The Organization for Economic Co-operation and Development (OECD) has for several decades been in the fore front of the development of transfer pricing policies and regulations. It issued its first guideline in 1979 from which the United States and several other European Countries have developed their transfer pricing regulations.

 

BACKGROUND

In 2012, the Federal Inland Revenue Service (FIRS) came up with the Income Tax (transfer pricing)  Regulation No1, 2012 in an attempt to plug holes in the tax leakages suffered as a result of related entity transactions. The regulation came into effective on the 2nd of August, 2012 and applies to all related entity businesses transacted after that date.
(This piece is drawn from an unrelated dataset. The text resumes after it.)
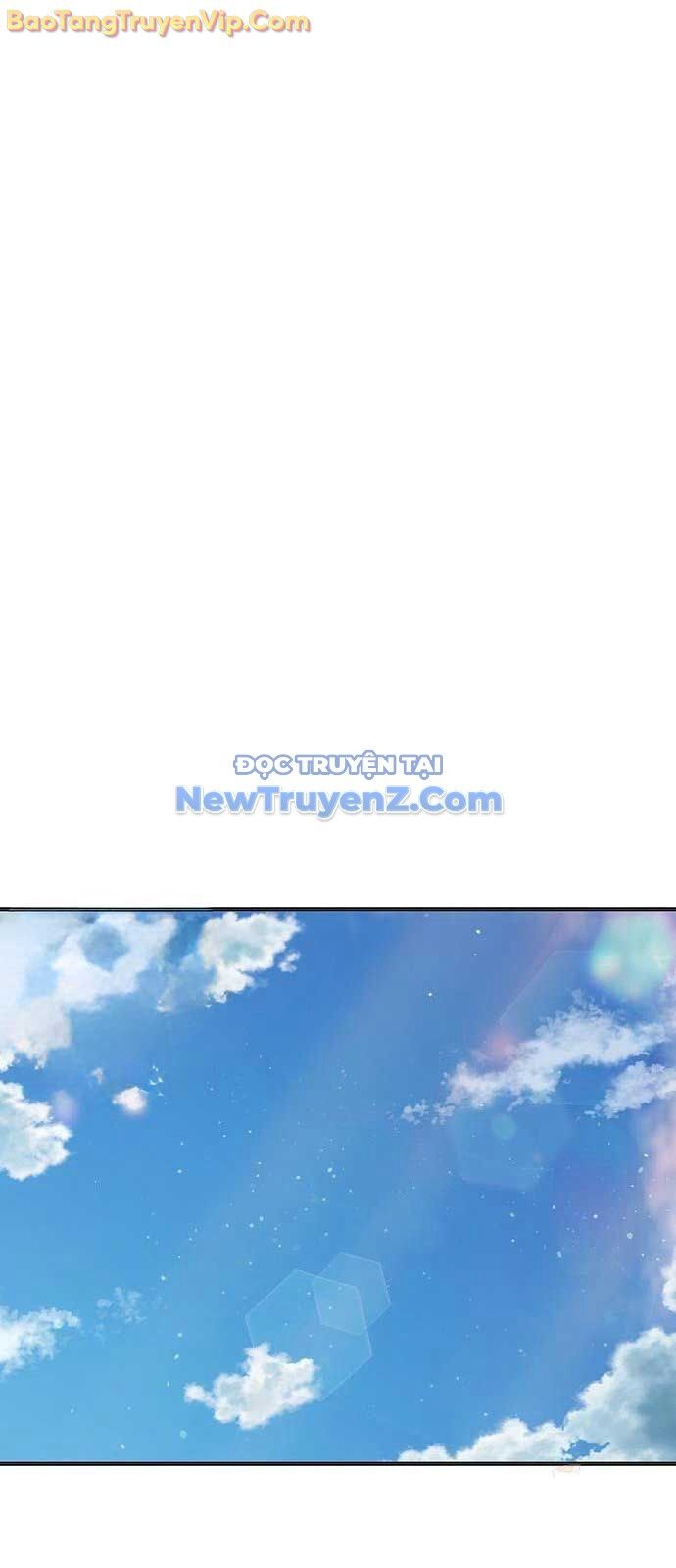 Nhà Tù Vị Thành Niên [Chap 51-54]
The main objectives of the regulation includes amongst others:

  1. To provide opportunity for the country the benefit of sharing in profits generated from the transactions and dealings of connected taxable persons.
  1. To eliminate artificial transactions and prevent profit flight out of Nigeria by connected taxable persons.
  1. To eliminate double taxation.
  1. To prevent unfair advantage in the dealings of related entities and provide a level playing field for independent business enterprises in Nigeria.
  1. To guarantee certainty of transfer pricing treatment for taxable entities in Nigeria.

 

THRUST OF THE REGULATION

Scope

The regulation applies to transactions between connected persons including sale and purchase of goods; sale, transfer, purchase or lease of tangible or intangible assets[4]; provision of services; manufacturing arrangements and any other transaction capable of impacting on the profitability or otherwise of the transacting parties.

[5]

The FIRS by including this omnibus provision “any other transaction capable of impacting on the profitability or otherwise of the transacting parties”, has deliberately broadened the scope of the regulation such that it would apply to all connected party transactions without exception.

Application

The litmus test for the applicability of the regulation is whether transactions are between “Connected Persons”.  The principal tax legislations in Nigeria

[6] collectively define connected persons to include “individuals and entities (including trusts, associations, partnerships, companies etc.) that share common control or participate directly or indirectly in management, control or profit of one another”.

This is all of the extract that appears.